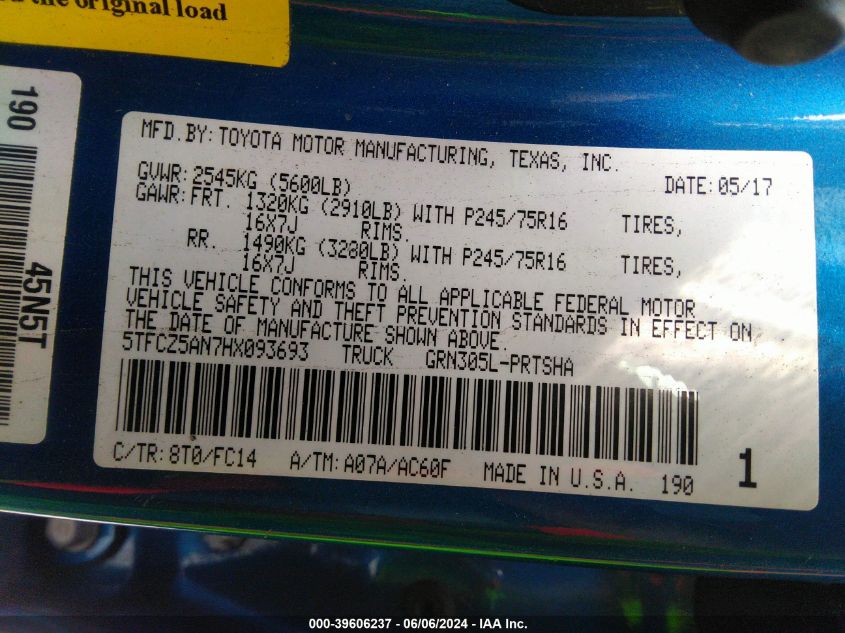 2017 Toyota Tacoma Sr5 V6 VIN: 5TFCZ5AN7HX093693 Lot: 39606237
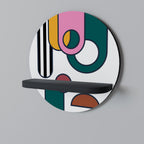 COOL STORY Round Art Shelf In Black Finish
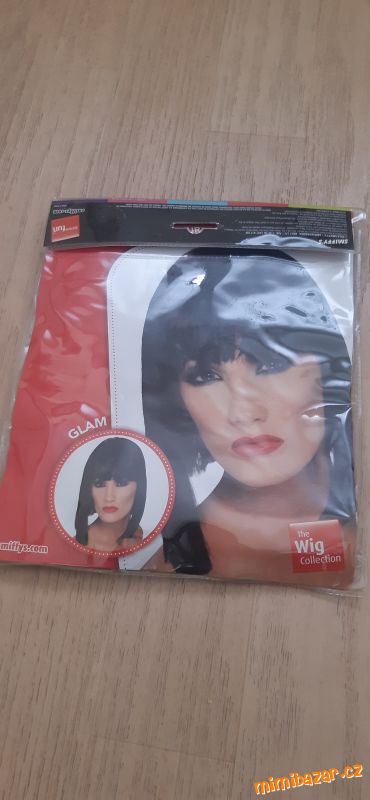Dámská paruka černá krátká s ofinou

* _Problem requirements_: Reproduce every line above exactly, pictures excluded.

* _Response below_:
 2017 Toyota Tacoma Sr5 V6 VIN: 5TFCZ5AN7HX093693 Lot: 39606237
 COOL STORY Round Art Shelf In Black Finish
Dámská paruka černá krátká s ofinou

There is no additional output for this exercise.